NOTE Welch's test is asymptotically valid and robust to unequal variances, but it is not an exact finite-sample UMP test. This is the Behrens--Fisher problem.

Confidence Intervals

Bernoulli Confidence Intervals

A confidence interval is a random set $C(X)$ designed to contain the true parameter with high probability.

Definition. For Bernoulli data: \[ X\sim \mathrm{Bin}(n,p), \qquad \hat p=\frac{X}{n}. \]

A confidence interval $C(X)$ has coverage $1-\alpha$ if:

\[ P_p(p\in C(X))\ge 1-\alpha \qquad \forall p\in[0,1]. \]

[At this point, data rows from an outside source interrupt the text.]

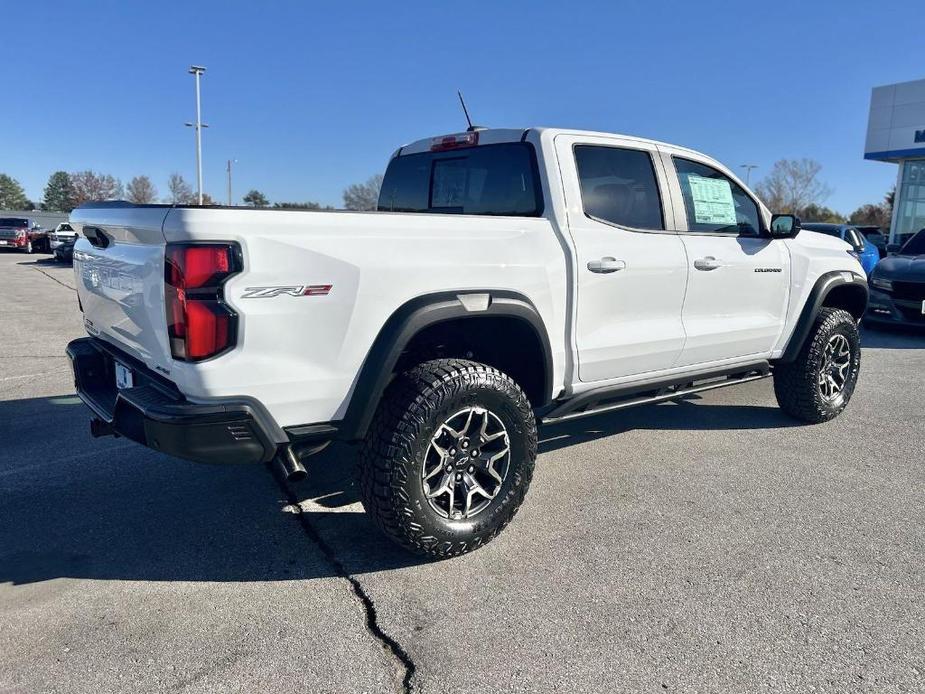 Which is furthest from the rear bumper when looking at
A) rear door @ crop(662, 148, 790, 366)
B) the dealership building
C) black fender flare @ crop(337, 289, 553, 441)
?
the dealership building

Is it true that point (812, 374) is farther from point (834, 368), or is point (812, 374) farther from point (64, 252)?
point (64, 252)

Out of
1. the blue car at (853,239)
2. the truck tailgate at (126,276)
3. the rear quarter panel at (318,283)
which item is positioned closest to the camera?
the rear quarter panel at (318,283)

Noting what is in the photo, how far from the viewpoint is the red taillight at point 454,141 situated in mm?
4117

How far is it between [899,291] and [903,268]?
329 millimetres

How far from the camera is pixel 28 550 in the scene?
323 centimetres

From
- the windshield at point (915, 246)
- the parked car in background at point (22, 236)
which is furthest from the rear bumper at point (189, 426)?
the parked car in background at point (22, 236)

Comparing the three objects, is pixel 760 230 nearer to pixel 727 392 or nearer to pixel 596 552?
pixel 727 392

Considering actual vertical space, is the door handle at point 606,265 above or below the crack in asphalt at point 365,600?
above

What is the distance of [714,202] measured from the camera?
4.60 meters

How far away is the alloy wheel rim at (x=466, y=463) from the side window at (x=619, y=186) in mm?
1310

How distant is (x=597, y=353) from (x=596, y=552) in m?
1.05

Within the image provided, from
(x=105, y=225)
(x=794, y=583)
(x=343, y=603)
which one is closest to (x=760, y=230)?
(x=794, y=583)

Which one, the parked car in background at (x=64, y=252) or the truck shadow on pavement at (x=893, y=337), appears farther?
the parked car in background at (x=64, y=252)

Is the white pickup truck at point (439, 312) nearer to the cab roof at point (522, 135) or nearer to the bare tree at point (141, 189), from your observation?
the cab roof at point (522, 135) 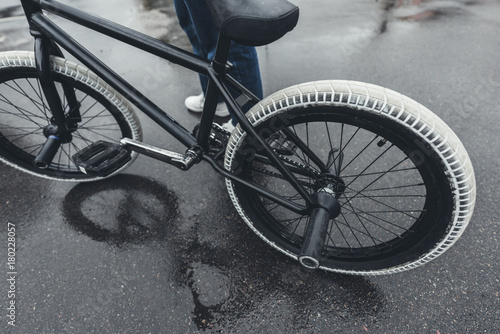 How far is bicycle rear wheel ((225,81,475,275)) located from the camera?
3.59 ft

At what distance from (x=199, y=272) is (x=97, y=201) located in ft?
2.90

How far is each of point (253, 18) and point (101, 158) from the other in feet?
4.45

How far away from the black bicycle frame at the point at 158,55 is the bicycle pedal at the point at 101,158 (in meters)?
0.25

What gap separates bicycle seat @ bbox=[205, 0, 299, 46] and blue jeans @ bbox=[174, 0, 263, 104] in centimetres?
68

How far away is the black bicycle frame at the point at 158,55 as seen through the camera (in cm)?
130

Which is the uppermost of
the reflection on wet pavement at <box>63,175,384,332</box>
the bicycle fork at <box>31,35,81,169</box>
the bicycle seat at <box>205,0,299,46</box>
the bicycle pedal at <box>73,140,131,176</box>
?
the bicycle seat at <box>205,0,299,46</box>

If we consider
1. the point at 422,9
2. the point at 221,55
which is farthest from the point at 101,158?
the point at 422,9

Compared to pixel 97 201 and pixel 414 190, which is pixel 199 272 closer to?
pixel 97 201

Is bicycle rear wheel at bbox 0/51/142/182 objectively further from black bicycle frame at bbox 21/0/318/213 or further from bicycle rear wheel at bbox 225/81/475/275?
bicycle rear wheel at bbox 225/81/475/275

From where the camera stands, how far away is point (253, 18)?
1.04 metres

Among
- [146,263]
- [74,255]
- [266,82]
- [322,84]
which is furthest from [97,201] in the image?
[266,82]

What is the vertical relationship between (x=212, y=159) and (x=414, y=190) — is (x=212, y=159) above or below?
above

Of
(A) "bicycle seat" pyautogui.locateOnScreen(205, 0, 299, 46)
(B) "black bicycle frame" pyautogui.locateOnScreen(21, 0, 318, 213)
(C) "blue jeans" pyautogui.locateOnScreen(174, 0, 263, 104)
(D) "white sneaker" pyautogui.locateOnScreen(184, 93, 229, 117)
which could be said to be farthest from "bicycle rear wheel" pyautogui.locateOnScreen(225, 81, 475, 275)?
(D) "white sneaker" pyautogui.locateOnScreen(184, 93, 229, 117)

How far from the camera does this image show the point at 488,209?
1920 millimetres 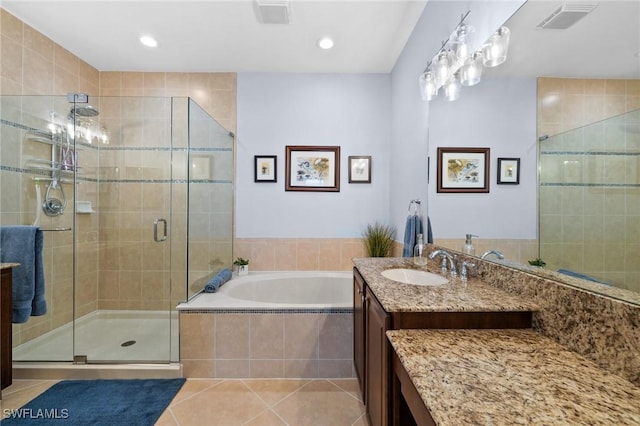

The simplest interval is the Wald interval, but it only has asymptotic justification.

Proposition. The Wald interval is: \[ \hat p \pm z_{\alpha/2} \sqrt{\frac{\hat p(1-\hat p)}{n}}. \]

It satisfies approximately:

\[ P_p(p\in C(X))\approx 1-\alpha \qquad n\to\infty. \]

NOTE Wald can undercover because it plugs in $\hat p$, uses a normal approximation, and ignores binomial discreteness. It is especially bad near $p=0$ or $p=1$.

Clopper--Pearson Interval

Clopper--Pearson fixes the finite-sample coverage issue by inverting exact binomial tests.

Definition. The Clopper--Pearson interval is the exact binomial confidence interval obtained from all $p$ values not rejected by an exact binomial test.
Theorem. Given $X=x$, the two-sided $1-\alpha$ Clopper--Pearson interval has endpoints: \[ L= \begin{cases} 0, & x=0,\\ \mathrm{Beta}^{-1}(\alpha/2;x,n-x+1), & x>0, \end{cases} \] \[ U= \begin{cases} 1, & x = n,\\ \mathrm{Beta}^{-1}(1-\alpha / 2; x+1,n-x), & x< n \end{cases} \]

It satisfies:

\[ P_p(L(X)\le p\le U(X))\ge 1-\alpha \qquad \forall p\in[0,1]. \]

NOTE Clopper--Pearson has guaranteed finite-sample coverage. It is usually conservative because binomial discreteness prevents the coverage from landing exactly at $1-\alpha$.